Distinguierte Damen im Pelzmantel, aufgebrachte Gewerkschafter, Lehrerinnen mit ihren schüchternen Töchtern, Schrifstellerinnen und Wissenschafter, Oppositionspolitiker aller Couleur, Schüler und Studenten, Arbeiter in Gelbwesten – unterschiedlicher hätten die Menschen kaum sein können, die sich am Wochenende am Donauufer in Budapest zum friedlichen, aber bestimmten Protest gegen die ungarische Regierung einfanden. Ihr Motto schrieben sie auf ein Transparent: "Wir haben genug!"

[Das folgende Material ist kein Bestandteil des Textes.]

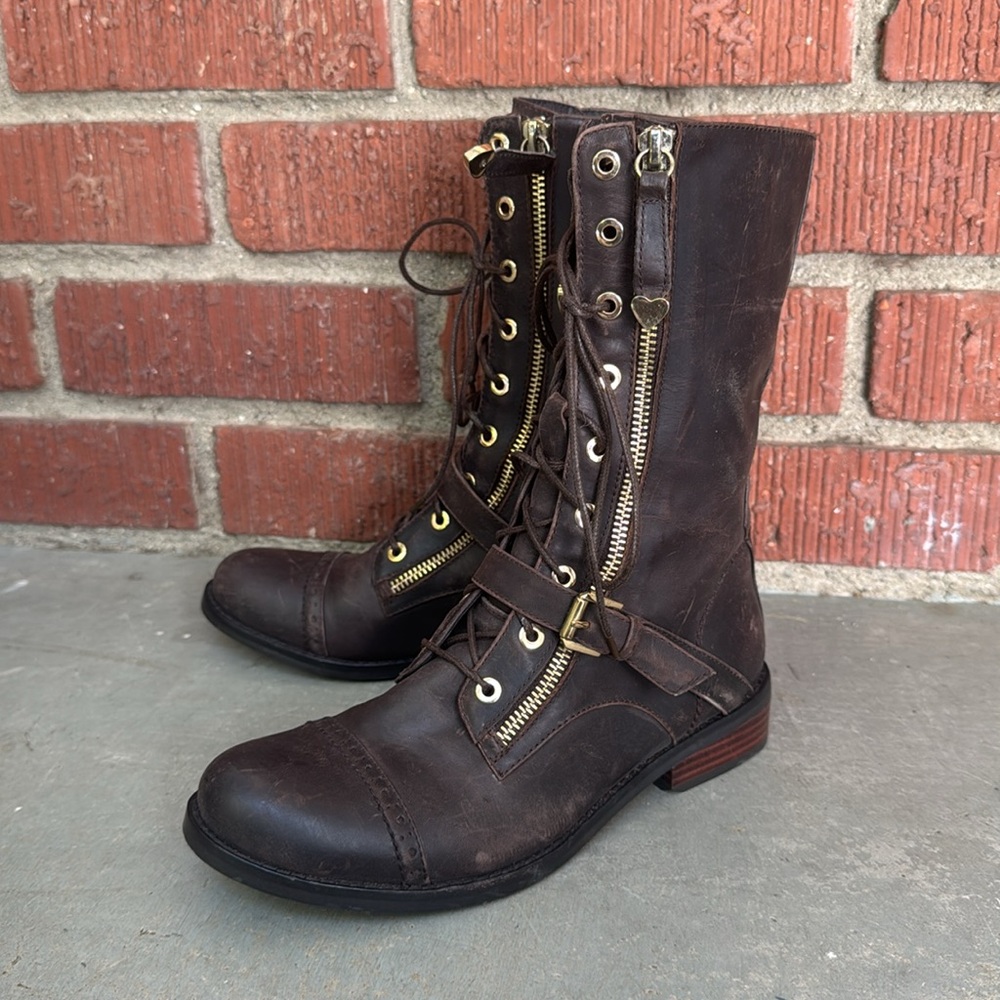 LOVE MOSCHINO  Cap Toe Double Zip Lace Up Combat Boots 36/6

In Sichtweite von Ministerpräsident Viktor Orbáns nagelneuem Amtssitz auf dem Burgberg demonstrierten sie zwischen Ketten- und Elisabethbrücke gegen das sogenannte Sklavengesetz. Dieses hatte die Regierung vor Weihnachten im Parlament beschließen lassen. Mit dieser unternehmerfreundlichen Regelung soll jeder ungarische Arbeitnehmer zu 400 Überstunden pro Jahr verpflichtet werden können, die ihm erst drei Jahre später ausgezahlt werden müssen – falls sie in diesem Zeitraum bei weniger Arbeit nicht gegengerechnet werden.

Bei der Demonstration in Budapest sprachen die Teilnehmer von einer Aufbruchstimmung. Der Organisator, Viktor Mak, erwartet weitere Proteste in den nächsten Wochen. Deutsche Untertitel können über das Text-Symbol angewählt werden.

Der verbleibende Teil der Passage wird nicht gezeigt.